Well, string type is a completely managed class for character strings, while char[] is still what it was in C, a byte array representing a character string for you.
In terms of API and standard library everything is implemented in terms of strings and not char[], but there are still lots of functions from the libc that receive char[] so you may need to use it for those, apart from that I would always use std::string.
In terms of efficiency of course a raw buffer of unmanaged memory will almost always be faster for lots of things, but take in account comparing strings for example, std::string has always the size to check it first, while with char[] you need to compare character by character.
I personally do not see any reason why one would like to use char* or char[] except for compatibility with old code. std::string's no slower than using a c-string, except that it will handle re-allocation for you. You can set it's size when you create it, and thus avoid re-allocation if you want. It's indexing operator ([]) provides constant time access (and is in every sense of the word the exact same thing as using a c-string indexer). Using the at method gives you bounds checked safety as well, something you don't get with c-strings, unless you write it. Your compiler will most often optimize out the indexer use in release mode. It is easy to mess around with c-strings; things such as delete vs delete[], exception safety, even how to reallocate a c-string.
And when you have to deal with advanced concepts like having COW strings, and non-COW for MT etc, you will need std::string.
If you are worried about copies, as long as you use references, and const references wherever you can, you will not have any overhead due to copies, and it's the same thing as you would be doing with the c-string.
One of the difference is Null termination (\0).
In C and C++, char* or char[] will take a pointer to a single char as a parameter and will track along the memory until a 0 memory value is reached (often called the null terminator).

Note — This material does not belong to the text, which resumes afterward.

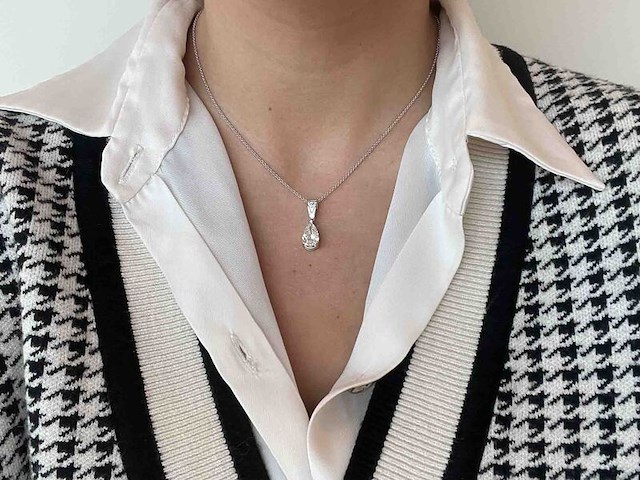 Grote peer shape diamant in een witgouden hanger van 2.01 carat, excl. ketting - afbeelding 2 van  9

C++ strings can contain embedded \0 characters, know their length without counting.
#include<stdio.h>
#include<string.h>
#include<iostream>
using namespace std;
void NullTerminatedString(string str){
int NUll_term = 3;
str[NUll_term] = '\0'; // specific character is kept as NULL in string
cout << str << endl <<endl <<endl;
}
void NullTerminatedChar(char *str){
int NUll_term = 3;
str[NUll_term] = 0; // from specific, all the character are removed
cout << str << endl;
}
int main(){
string str = "Feels Happy";
printf("string = %s\n", str.c_str());
printf("strlen = %d\n", strlen(str.c_str()));
printf("size = %d\n", str.size());
printf("sizeof = %d\n", sizeof(str)); // sizeof std::string class and compiler dependent
NullTerminatedString(str);
char str1[12] = "Feels Happy";
printf("char[] = %s\n", str1);
printf("strlen = %d\n", strlen(str1));
printf("sizeof = %d\n", sizeof(str1)); // sizeof char array
NullTerminatedChar(str1);
return 0;
}
Output:
strlen = 11
size = 11
sizeof = 32
Fee s Happy
strlen = 11
sizeof = 12
Fee
Think of (char *) as string.begin(). The essential difference is that (char *) is an iterator and std::string is a container. If you stick to basic strings a (char *) will give you what std::string::iterator does. You could use (char *) when you want the benefit of an iterator and also compatibility with C, but that's the exception and not the rule. As always, be careful of iterator invalidation. When people say (char *) isn't safe this is what they mean. It's as safe as any other C++ iterator.
Strings have helper functions and manage char arrays automatically. You can concatenate strings, for a char array you would need to copy it to a new array, strings can change their length at runtime. A char array is harder to manage than a string and certain functions may only accept a string as input, requiring you to convert the array to a string. It's better to use strings, they were made so that you don't have to use arrays. If arrays were objectively better we wouldn't have strings.